*Record excerpts*:

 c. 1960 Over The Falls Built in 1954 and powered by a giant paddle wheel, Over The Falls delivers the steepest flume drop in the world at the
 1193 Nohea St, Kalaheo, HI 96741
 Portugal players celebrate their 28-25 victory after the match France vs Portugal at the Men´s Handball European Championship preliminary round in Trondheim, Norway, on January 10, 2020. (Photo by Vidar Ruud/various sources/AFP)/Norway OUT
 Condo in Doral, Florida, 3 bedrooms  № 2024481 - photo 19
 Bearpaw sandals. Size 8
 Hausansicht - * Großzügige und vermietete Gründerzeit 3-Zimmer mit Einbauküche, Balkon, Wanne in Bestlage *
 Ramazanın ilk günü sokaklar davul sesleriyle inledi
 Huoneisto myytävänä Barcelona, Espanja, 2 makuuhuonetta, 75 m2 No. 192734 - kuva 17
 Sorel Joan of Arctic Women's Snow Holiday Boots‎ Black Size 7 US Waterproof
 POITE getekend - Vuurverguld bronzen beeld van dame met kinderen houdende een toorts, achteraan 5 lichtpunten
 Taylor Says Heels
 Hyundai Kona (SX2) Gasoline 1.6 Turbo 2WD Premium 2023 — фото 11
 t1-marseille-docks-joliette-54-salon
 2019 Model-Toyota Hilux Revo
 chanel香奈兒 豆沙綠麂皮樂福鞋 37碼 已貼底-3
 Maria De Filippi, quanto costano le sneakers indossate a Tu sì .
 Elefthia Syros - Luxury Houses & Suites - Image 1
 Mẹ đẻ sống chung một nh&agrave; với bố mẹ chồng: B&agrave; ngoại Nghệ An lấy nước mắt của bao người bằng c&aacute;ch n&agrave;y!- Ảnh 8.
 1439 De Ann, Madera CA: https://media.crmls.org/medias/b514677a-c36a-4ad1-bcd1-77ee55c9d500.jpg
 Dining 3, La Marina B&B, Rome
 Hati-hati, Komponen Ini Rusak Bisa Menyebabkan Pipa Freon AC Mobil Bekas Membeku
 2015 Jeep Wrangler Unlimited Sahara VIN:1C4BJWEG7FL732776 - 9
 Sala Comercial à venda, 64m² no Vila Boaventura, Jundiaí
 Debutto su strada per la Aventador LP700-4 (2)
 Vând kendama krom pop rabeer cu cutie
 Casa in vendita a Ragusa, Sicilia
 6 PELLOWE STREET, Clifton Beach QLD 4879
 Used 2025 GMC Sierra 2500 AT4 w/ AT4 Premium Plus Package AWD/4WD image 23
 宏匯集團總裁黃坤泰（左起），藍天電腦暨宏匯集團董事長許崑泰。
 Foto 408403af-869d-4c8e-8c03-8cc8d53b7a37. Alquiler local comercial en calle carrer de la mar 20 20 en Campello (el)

*What is expected*: Give back exactly the lines of the listing above that run from the line with "Elefthia Syros - Luxury" to the line with "Dining 3, La Marina B&B, Rome", inclusive.

*Task answer*:
 Elefthia Syros - Luxury Houses & Suites - Image 1
 Mẹ đẻ sống chung một nh&agrave; với bố mẹ chồng: B&agrave; ngoại Nghệ An lấy nước mắt của bao người bằng c&aacute;ch n&agrave;y!- Ảnh 8.
 1439 De Ann, Madera CA: https://media.crmls.org/medias/b514677a-c36a-4ad1-bcd1-77ee55c9d500.jpg
 Dining 3, La Marina B&B, Rome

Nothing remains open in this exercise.